START Records supplied
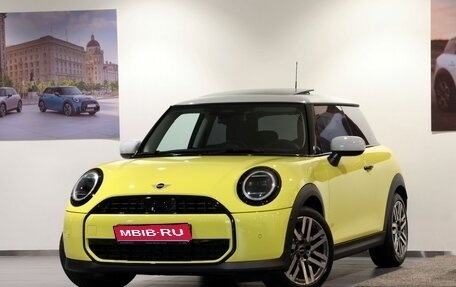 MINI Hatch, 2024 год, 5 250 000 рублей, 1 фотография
END Records supplied
START Records supplied
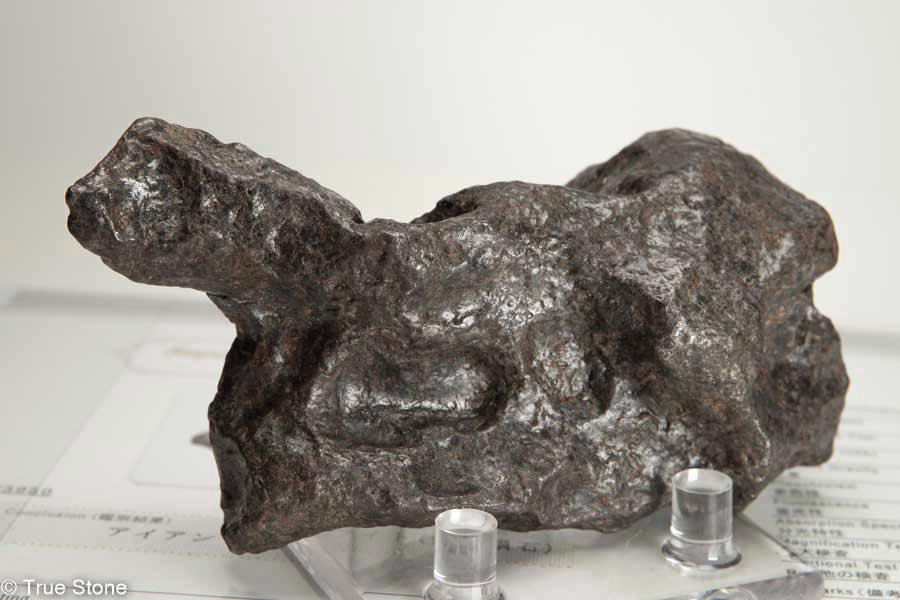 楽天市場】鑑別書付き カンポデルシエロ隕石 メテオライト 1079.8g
END Records supplied
START Records supplied
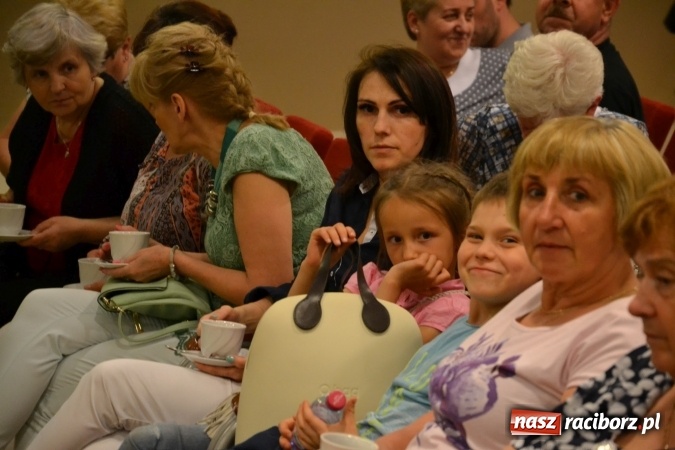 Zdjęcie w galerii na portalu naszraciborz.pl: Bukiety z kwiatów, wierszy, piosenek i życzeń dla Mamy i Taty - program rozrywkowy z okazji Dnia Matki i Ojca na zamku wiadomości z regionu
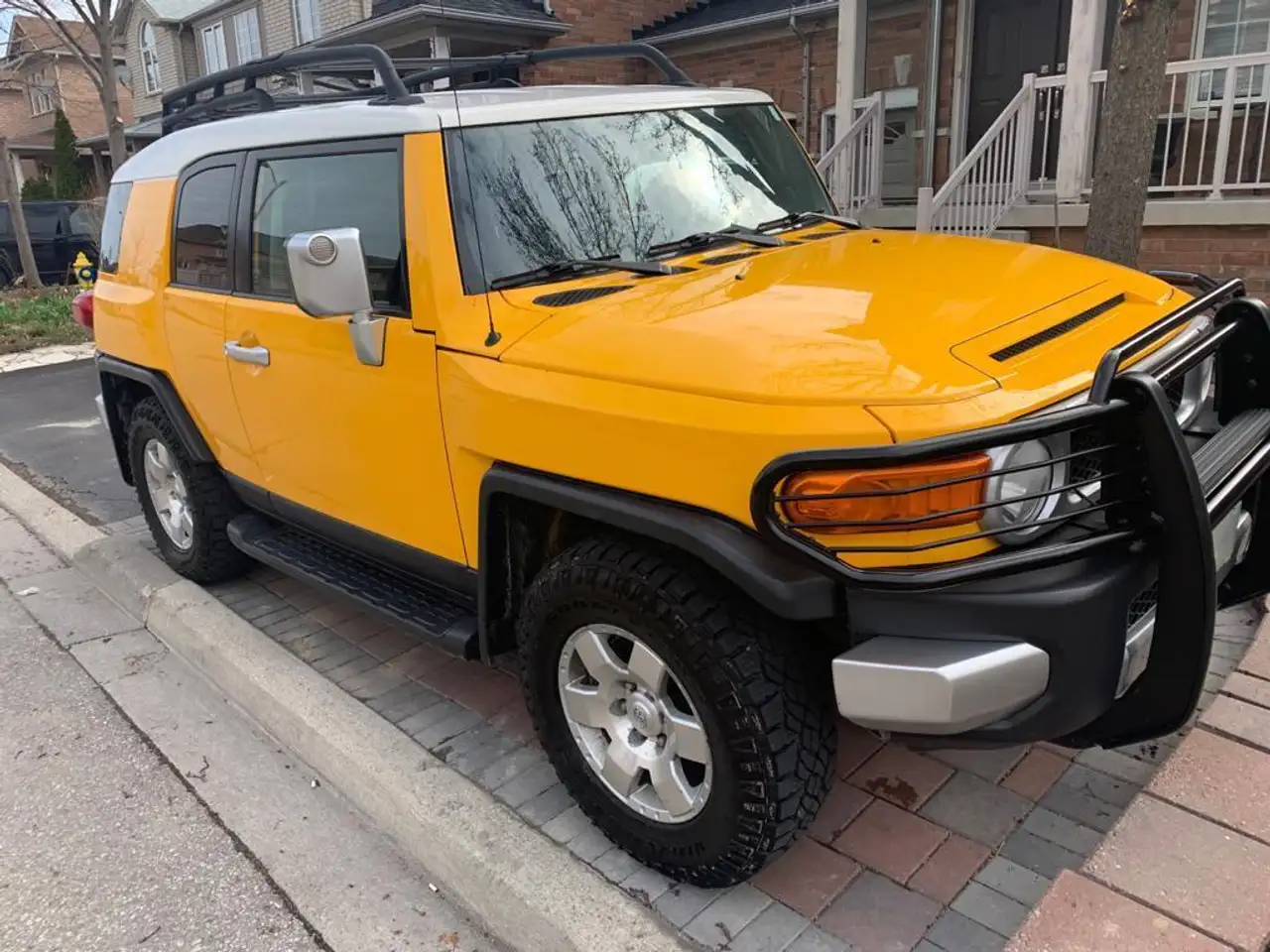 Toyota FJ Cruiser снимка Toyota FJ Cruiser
END Records supplied
▶ **Exercise directions**: Only one stretch of the listing is wanted: the lines starting at the one with "Zdjęcie w galerii" and ending at the one with "Toyota FJ Cruiser снимка Toyota FJ Cruiser", copied exactly and free of pictures.

▶ **Task answer**:
 Zdjęcie w galerii na portalu naszraciborz.pl: Bukiety z kwiatów, wierszy, piosenek i życzeń dla Mamy i Taty - program rozrywkowy z okazji Dnia Matki i Ojca na zamku wiadomości z regionu
 Toyota FJ Cruiser снимка Toyota FJ Cruiser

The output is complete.